Assisted suicide is currently before the Scottish Parliament in a member’s bill brought by Green Party Co-convener Patrick Harvie. The proposed bill is at the committee stage in Holyrood and is expected to reach the floor for a vote by MSPs shortly. Care Not Killing, to which the Church belongs, is strongly opposed to the bill and to legalising assisted suicide, believing that life should be protected and palliative care prioritised. This is something Ms Sturgeon can relate to.
“I believe we should support people to live and I am therefore in favour of good quality palliative care,” she said.
“There also remains a major stumbling block to assisted suicide: How could you have sufficient safeguards?”

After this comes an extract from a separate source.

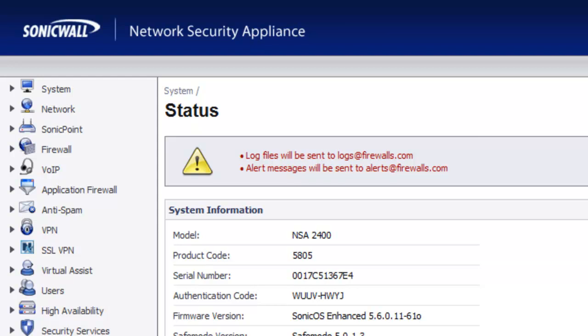Hello, Brian Reed here with Firewalls.com. In this video, we're going to show you how to export the settings of your SonicWall Firewall.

Like many of her contemporaries in the SNP and other parties, however, Ms Sturgeon is generally supportive of abortion and the status quo in terms of time limits on it, which is at odds with Catholic teaching that life is a sacred gift from God and contradicts her own stance on, and respect for, safeguarding life at the other end of the life spectrum. She believes legalised assisted suicide would be ‘open to abuse’ and that older and ill people would ‘feel like burdens on their family’ and society.
Before the last attempt to legalise assisted suicide in Scotland in 2010, the then Health secretary and Deputy First Minister, said she and the Scottish Government opposed any change in the law.
Opponents of assisted suicide welcomed Ms Sturgeon standing her ground on the issue this time.
Peter Kearney, director of the Scottish Catholic Media Office, said: “The First Minister’s decision not to support the Assisted Suicide Bill is a sensible and reasonable one.
Gordon Macdonald, convenor of Care Not Killing Scotland, concurred saying he was ‘delighted that the First Minister has reiterated her opposition to the legalisation of assisted suicide.’
The Health Committee of the Scottish Parliament, which has been hearing evidence on the Assisted Suicide (Scotland) bill, will report on it later this spring, when MSPs will have their first chance to vote on it.